:: EXERCISE DATA ::
++++++++

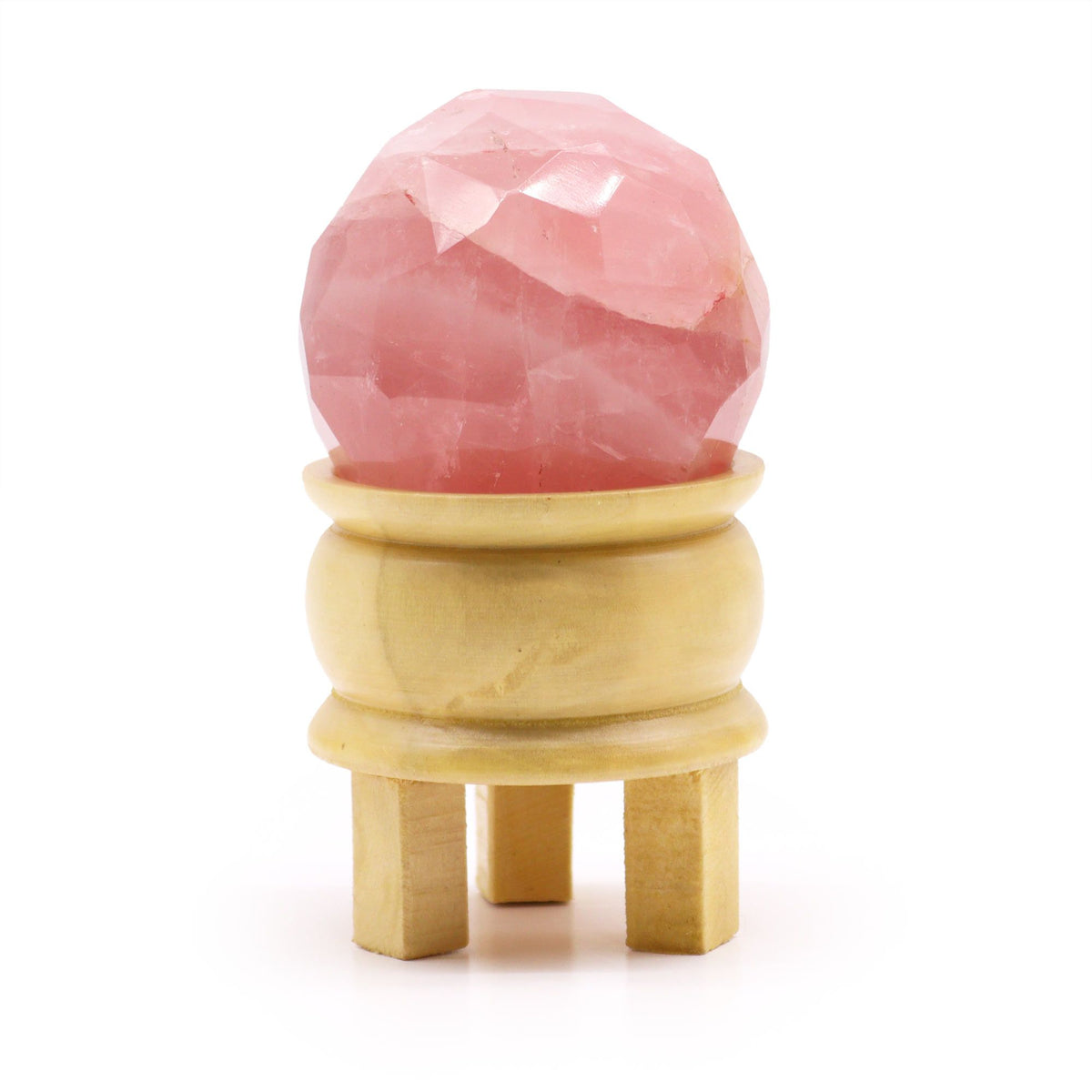 Faceted Rose Quartz Healing Ball with Wooden Stand – view 2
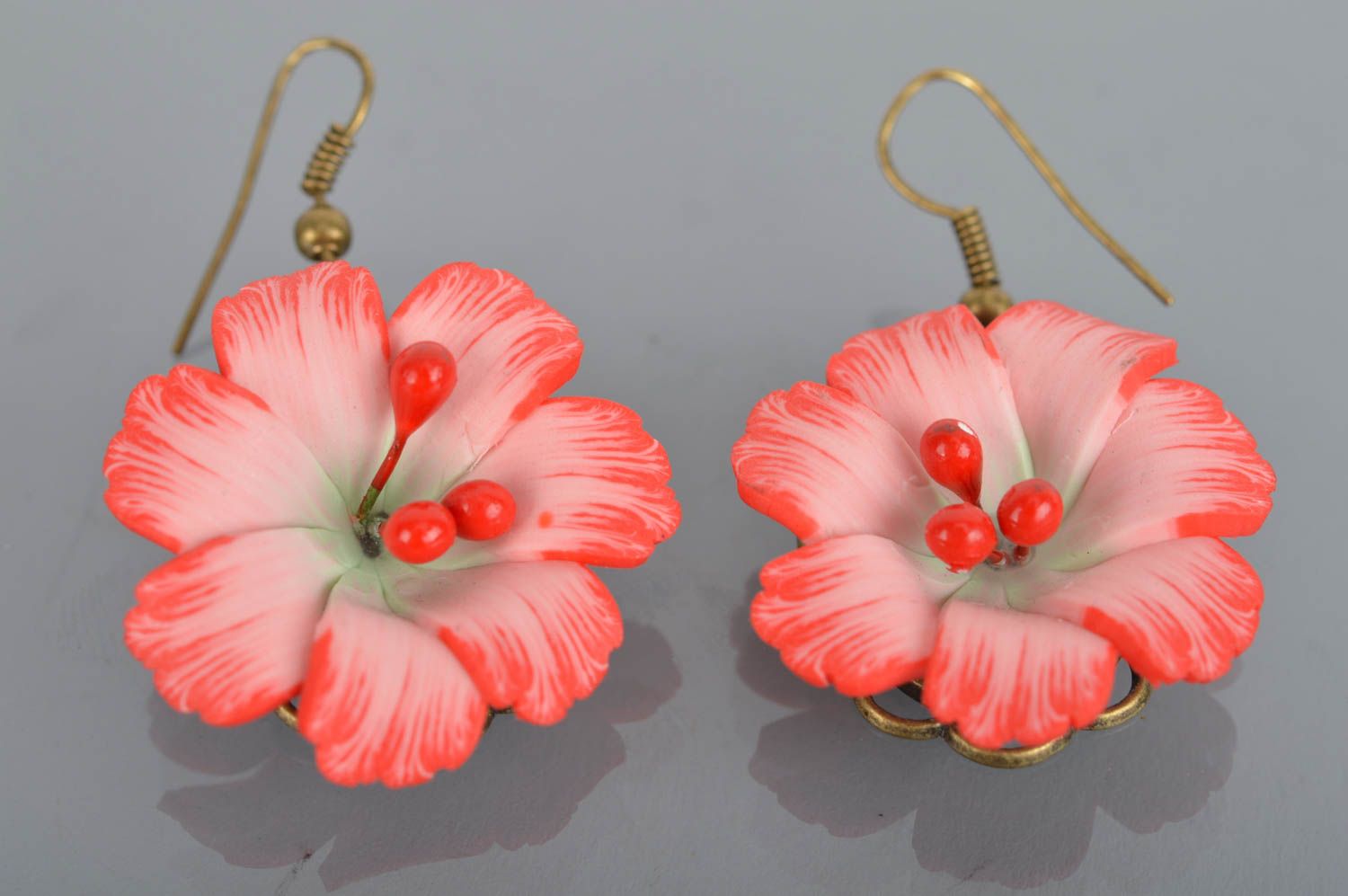 Cute small earrings with flowers made of polymer clay for stylish looks photo 2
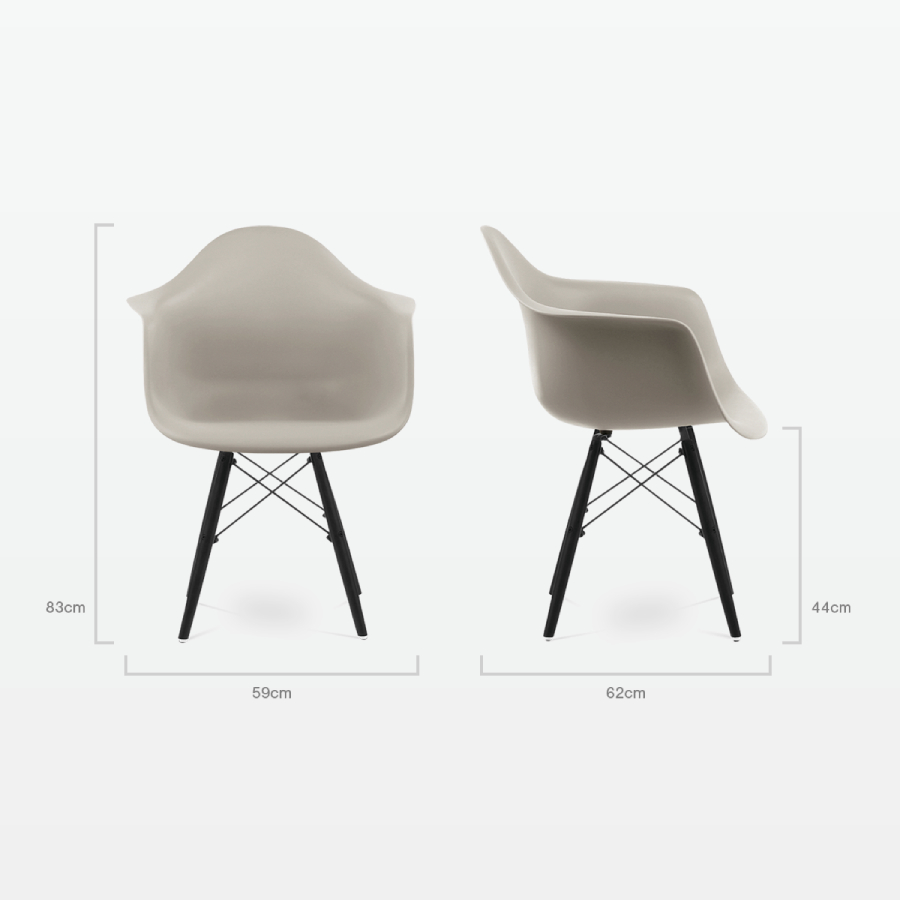 Designer Plastic Dining Armchair in Beige & Black Wood Legs - dimensions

++++++++

:: WHAT IS NEEDED ::
In the material above, retype exactly the lines that run from the one containing "Cute small earrings" through the last line, and keep out the pictures.

:: EXPECTED OUTPUT ::
 Cute small earrings with flowers made of polymer clay for stylish looks photo 2
 Designer Plastic Dining Armchair in Beige & Black Wood Legs - dimensions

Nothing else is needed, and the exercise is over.